A presidential twist

By Editorial Board
February 21, 2023

In a new twist to the election saga, now President Arif Alvi has entered the fray too – and announced April 9 as the date for holding elections in both Punjab and Khyber Pakhtunkhwa. Apparently, the chief election commissioner was summoned by the president to hold consultations on the date(s) of the polls in Punjab and KP but the ECP excused itself, saying the matter was “subjudice at various judicial fora”, among other reasons. The president – claiming to exercise his power under Section 57 (1) of the Elections Act, 2017 – has now asked the electoral body to issue an election programme in accordance with Section 57 (2) of the Act.

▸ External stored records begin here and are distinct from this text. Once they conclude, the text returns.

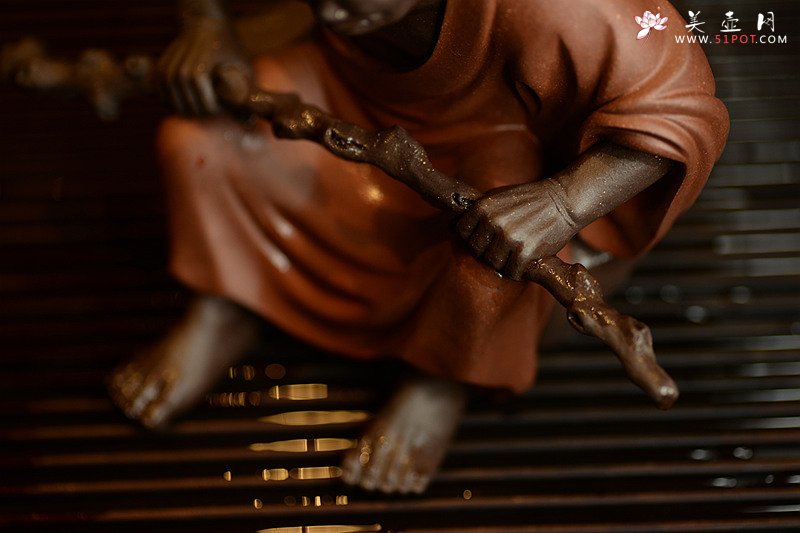 紫砂壶图片：历时两年创作~王健扛鼎之作十八罗汉之持杖罗汉和长眉罗汉~ - 宜兴紫砂壶网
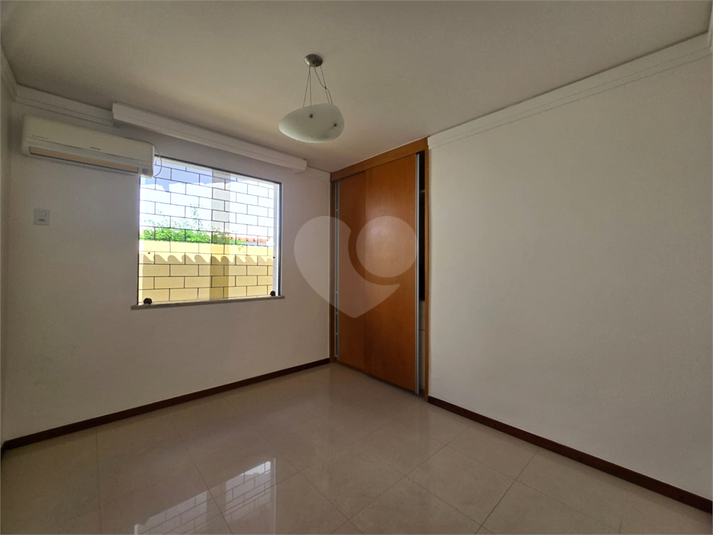 Foto REO1105984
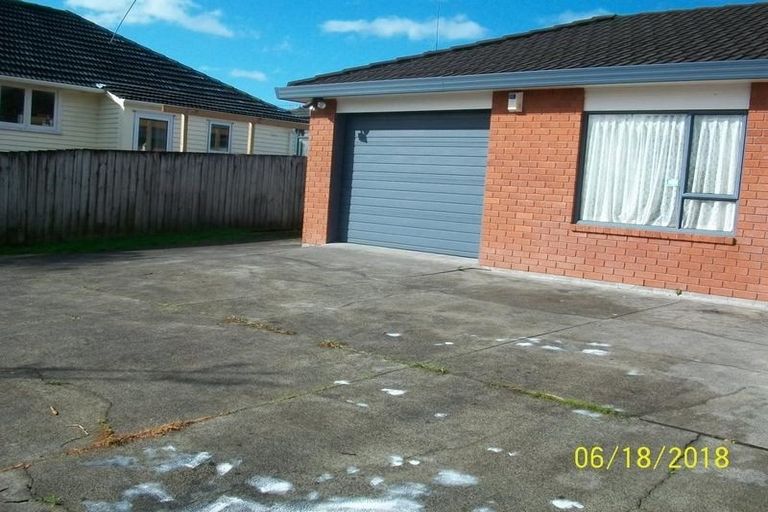 Photo of property in 1/10 Netherlands Avenue, Kelston, Auckland, 0602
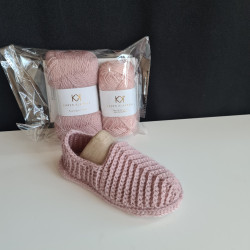 OLD ROSE: Kit til hæklede kludesko i BØRNESTØRRELSE incl. opskrift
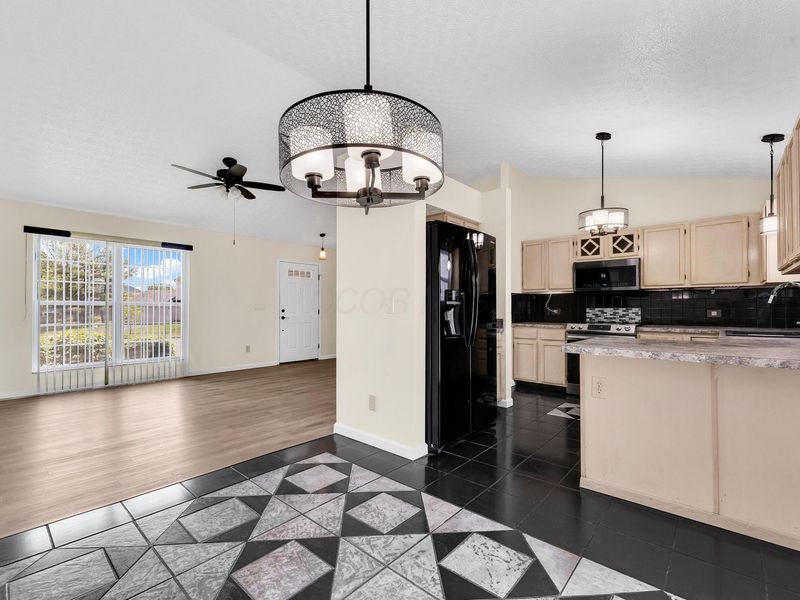 3414 Steiner Street , Columbus, OH 43231 Photo 14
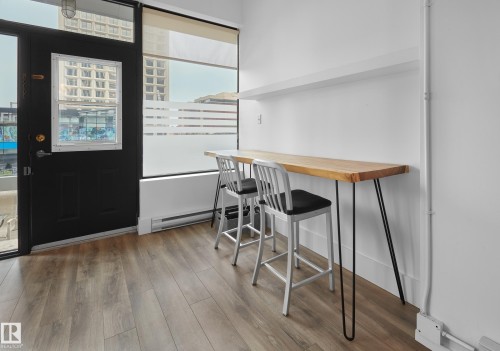 210 10024 Jasper Avenue, Edmonton, AB - Indoor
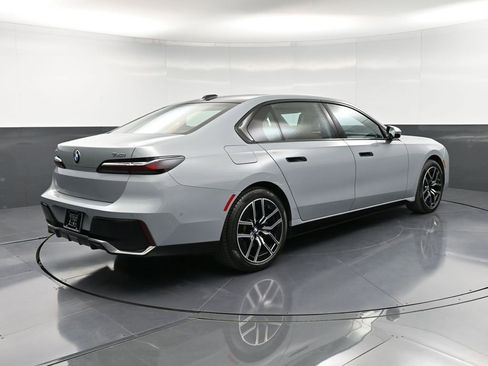 Used 2024 BMW 740i xDrive w/ Premium Package image 8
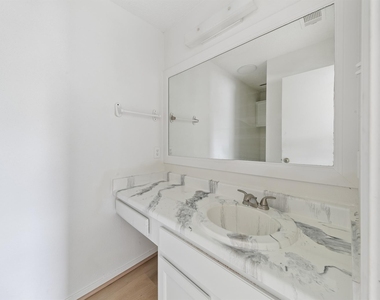 700 Lyle W Avenue - Photo Thumbnail 9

Naturally, Alvi’s proactive measures have elicited varying views from legal and constitutional experts. But on one thing there is little debate: most are agreed that under Article 105 of the constitution, the governors of both provinces have to announce an election date within 90 days of dissolution of an assembly. That the governors have not announced an election date has led to the current predicament. Are they essentially running away from their constitutional duties? Most legal experts would reply in the affirmative. There is somewhat of a difference in opinion among some constitutional experts on whether Section 57 allows the president to give dates for provincial elections. Then there’s the matter of the law explicitly saying he needs to first consult with the ECP before announcing any date.

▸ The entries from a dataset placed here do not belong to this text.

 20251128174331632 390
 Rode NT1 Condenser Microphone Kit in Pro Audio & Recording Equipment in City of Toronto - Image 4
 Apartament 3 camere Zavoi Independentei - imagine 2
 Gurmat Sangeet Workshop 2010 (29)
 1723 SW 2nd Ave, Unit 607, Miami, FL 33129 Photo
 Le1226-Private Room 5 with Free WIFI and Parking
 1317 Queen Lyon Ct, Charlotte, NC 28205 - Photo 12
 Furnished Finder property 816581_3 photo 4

While the legal arguments can be debated, on the larger principle of elections being held on time perhaps the sitting government too needs to pause and just realise that this delay is not helping politics or democracy. While the president’s intentions may be partisan – he has hardly veiled his political affiliation – the need for the elections to take place in 90 days is something no political party or government or institution can deny. To avoid this drama, the governors should have done their constitutional duty and the ECP that has already suggested dates to them would have held elections on time. Now there is not just confusion but it seems that the matter will once again be taken to the courts. It would be prudent for all political stakeholders to avoid the judiciary taking decisions on their behalf by following the constitution in letter and spirit. Whether the elections take place on April 9 or not isn’t the issue here, the real issue is sticking to constitutionally-mandated timelines and not making a mockery of the democratic system.